Image-text web data:
◇ ◇ ◇ ◇ ◇ ◇ ◇

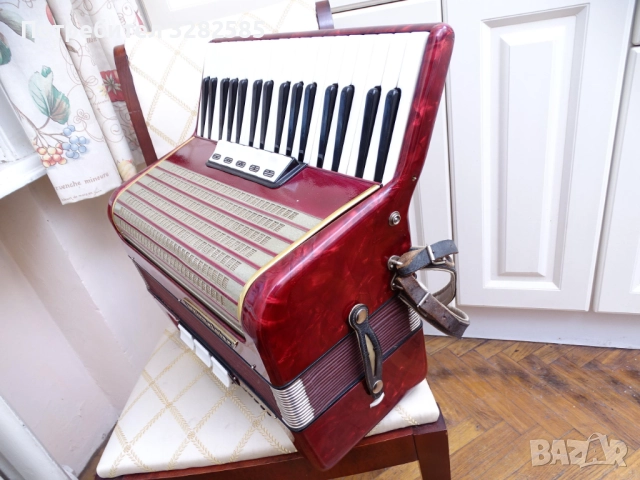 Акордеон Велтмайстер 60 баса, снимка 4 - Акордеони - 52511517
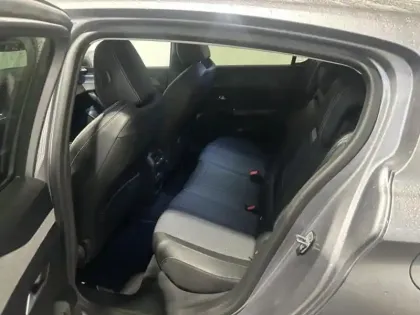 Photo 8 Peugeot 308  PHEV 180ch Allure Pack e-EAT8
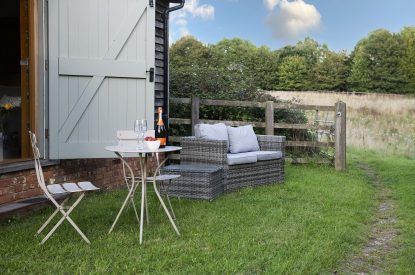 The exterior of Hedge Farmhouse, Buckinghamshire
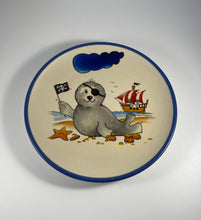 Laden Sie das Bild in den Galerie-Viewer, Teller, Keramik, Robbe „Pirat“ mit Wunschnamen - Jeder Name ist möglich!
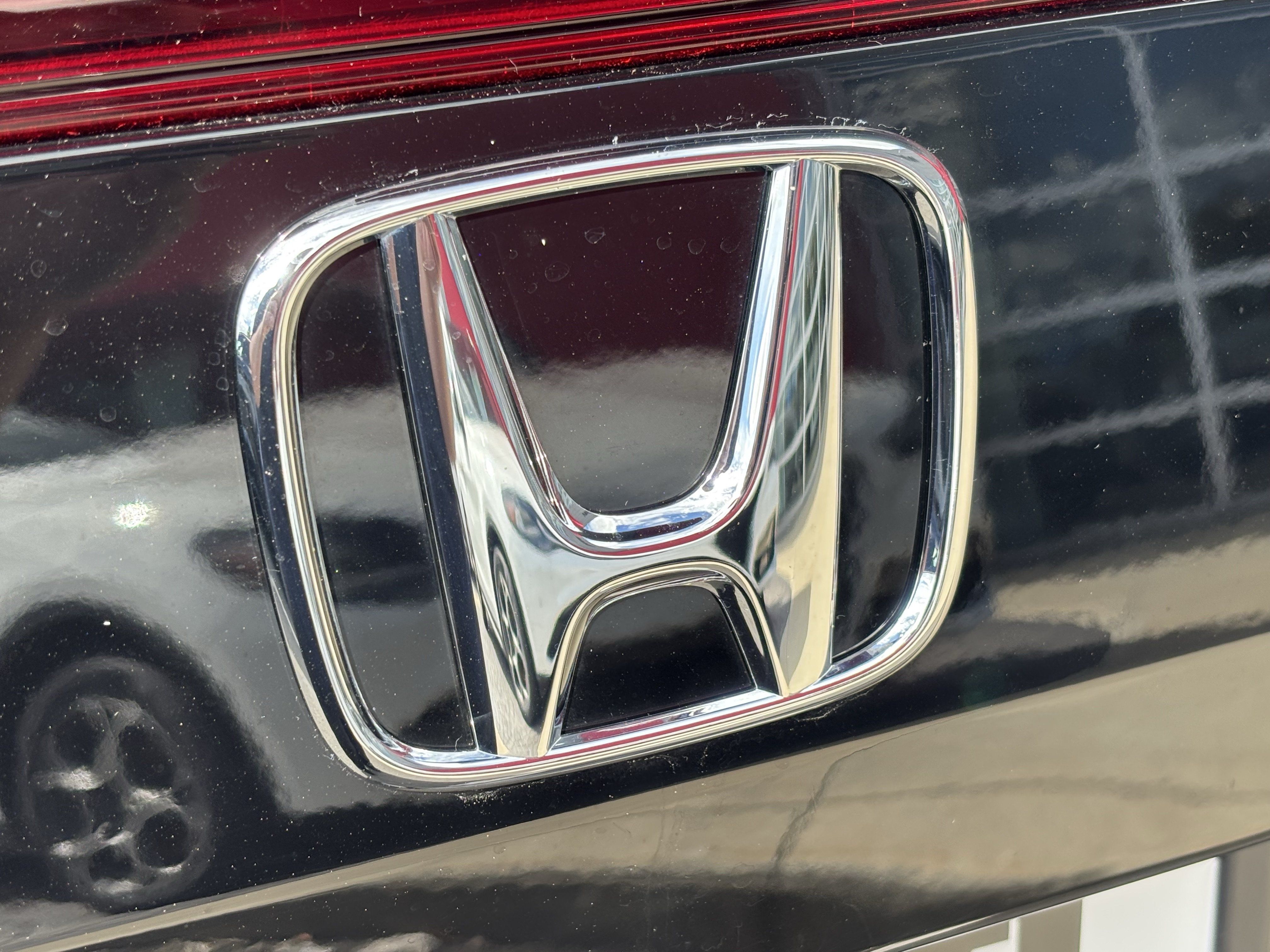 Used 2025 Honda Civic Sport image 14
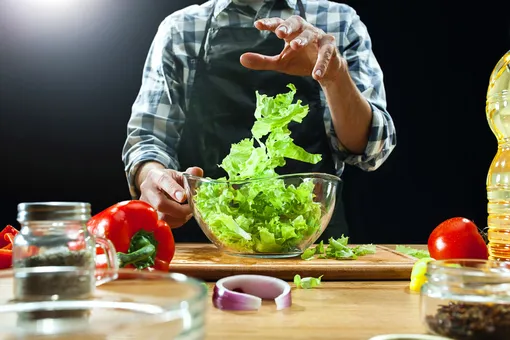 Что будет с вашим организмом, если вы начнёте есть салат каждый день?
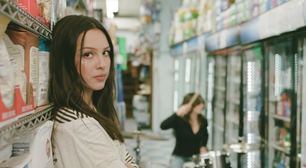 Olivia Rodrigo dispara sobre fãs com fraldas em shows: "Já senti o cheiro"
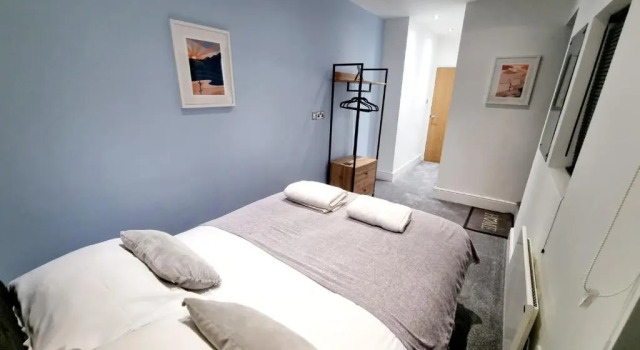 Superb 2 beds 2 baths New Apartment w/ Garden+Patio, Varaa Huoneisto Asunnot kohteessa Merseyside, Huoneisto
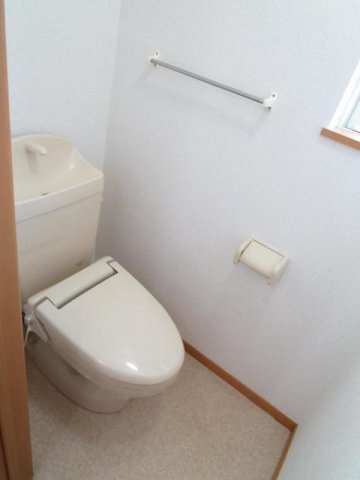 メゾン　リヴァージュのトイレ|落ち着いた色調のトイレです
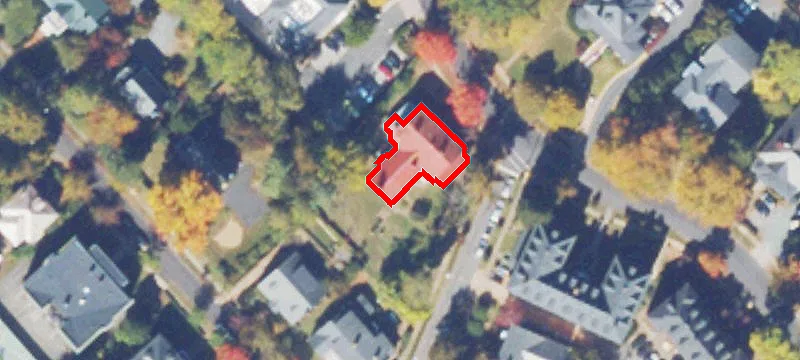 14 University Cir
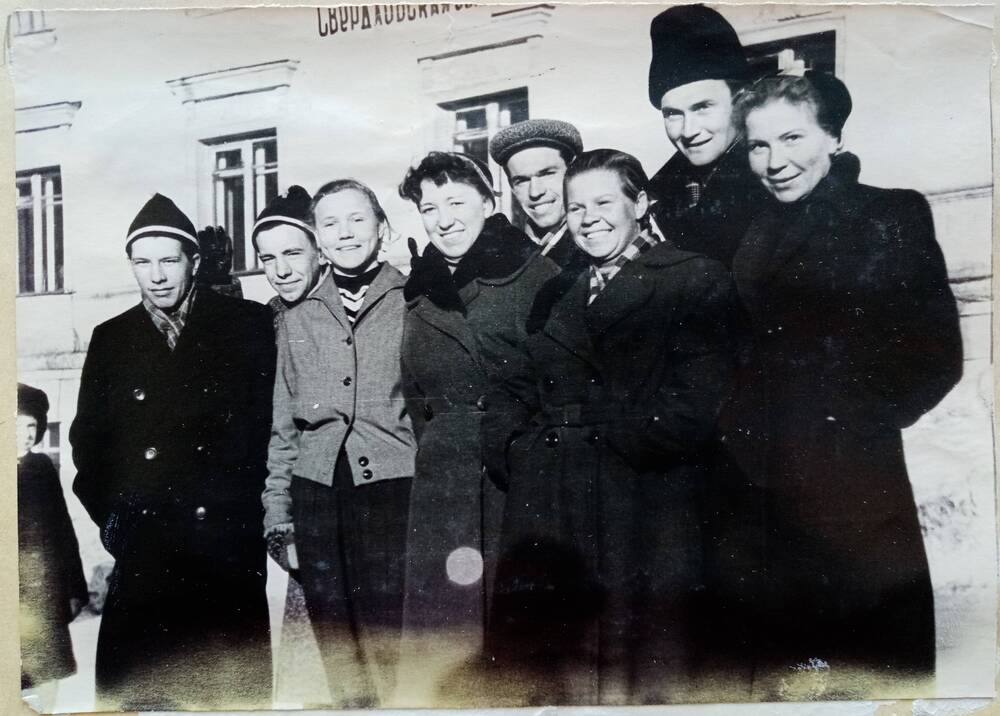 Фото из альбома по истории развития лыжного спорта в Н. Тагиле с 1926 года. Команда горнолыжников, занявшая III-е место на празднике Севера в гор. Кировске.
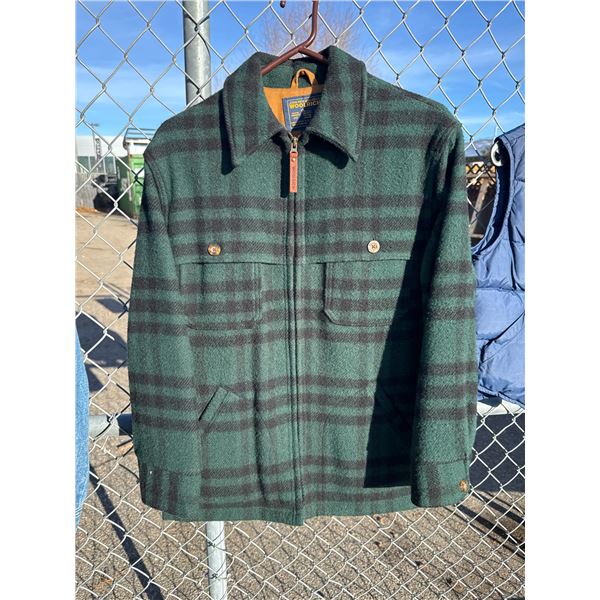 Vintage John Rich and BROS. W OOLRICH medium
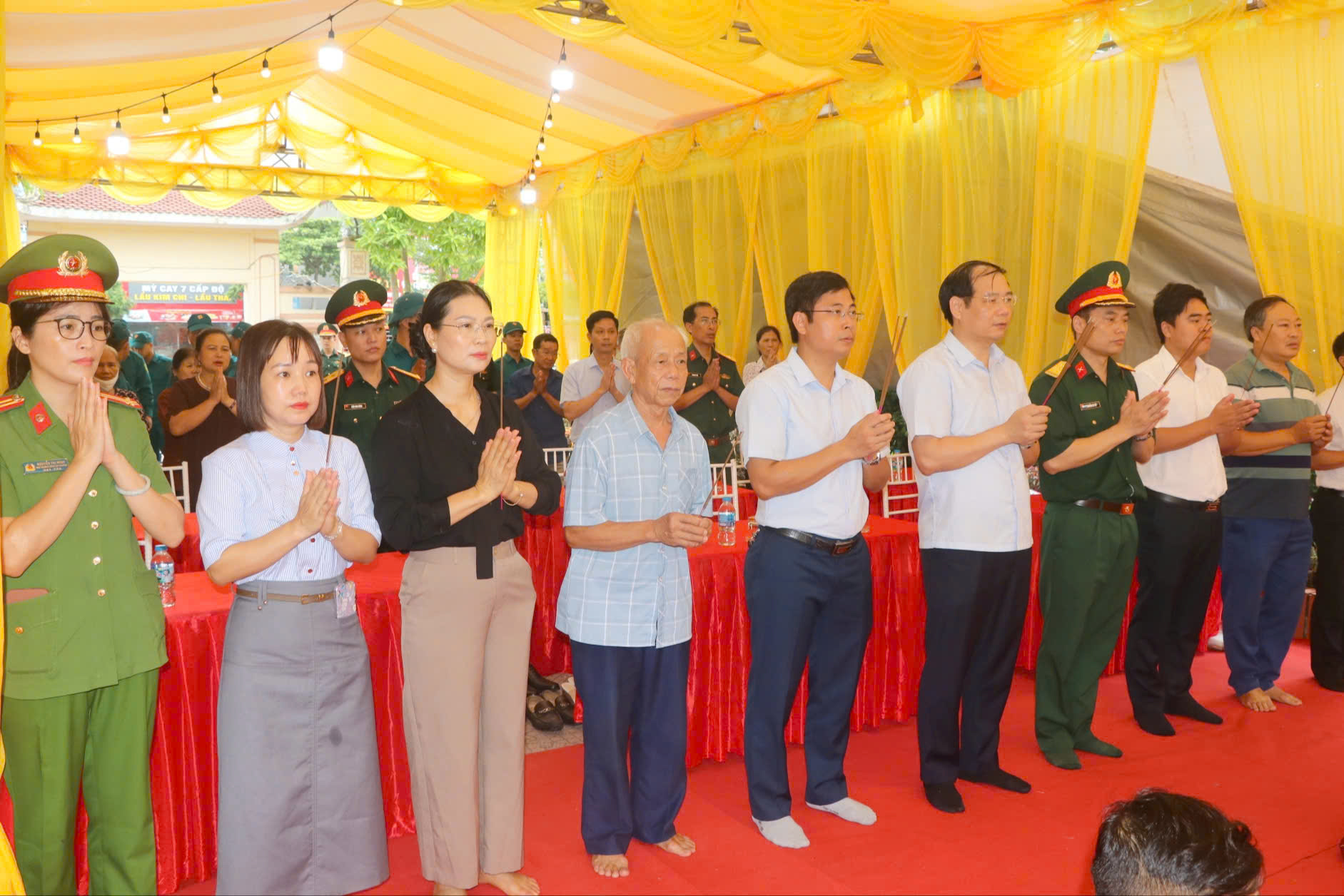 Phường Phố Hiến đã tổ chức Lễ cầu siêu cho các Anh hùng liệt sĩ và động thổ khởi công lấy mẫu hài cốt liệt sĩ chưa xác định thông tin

◇ ◇ ◇ ◇ ◇ ◇ ◇

Omit the pictures and set down the records exactly.

 Акордеон Велтмайстер 60 баса, снимка 4 - Акордеони - 52511517
 Photo 8 Peugeot 308  PHEV 180ch Allure Pack e-EAT8
 The exterior of Hedge Farmhouse, Buckinghamshire
 Laden Sie das Bild in den Galerie-Viewer, Teller, Keramik, Robbe „Pirat“ mit Wunschnamen - Jeder Name ist möglich!
 Used 2025 Honda Civic Sport image 14
 Что будет с вашим организмом, если вы начнёте есть салат каждый день?
 Olivia Rodrigo dispara sobre fãs com fraldas em shows: "Já senti o cheiro"
 Superb 2 beds 2 baths New Apartment w/ Garden+Patio, Varaa Huoneisto Asunnot kohteessa Merseyside, Huoneisto
 メゾン　リヴァージュのトイレ|落ち着いた色調のトイレです
 14 University Cir
 Фото из альбома по истории развития лыжного спорта в Н. Тагиле с 1926 года. Команда горнолыжников, занявшая III-е место на празднике Севера в гор. Кировске.
 Vintage John Rich and BROS. W OOLRICH medium
 Phường Phố Hiến đã tổ chức Lễ cầu siêu cho các Anh hùng liệt sĩ và động thổ khởi công lấy mẫu hài cốt liệt sĩ chưa xác định thông tin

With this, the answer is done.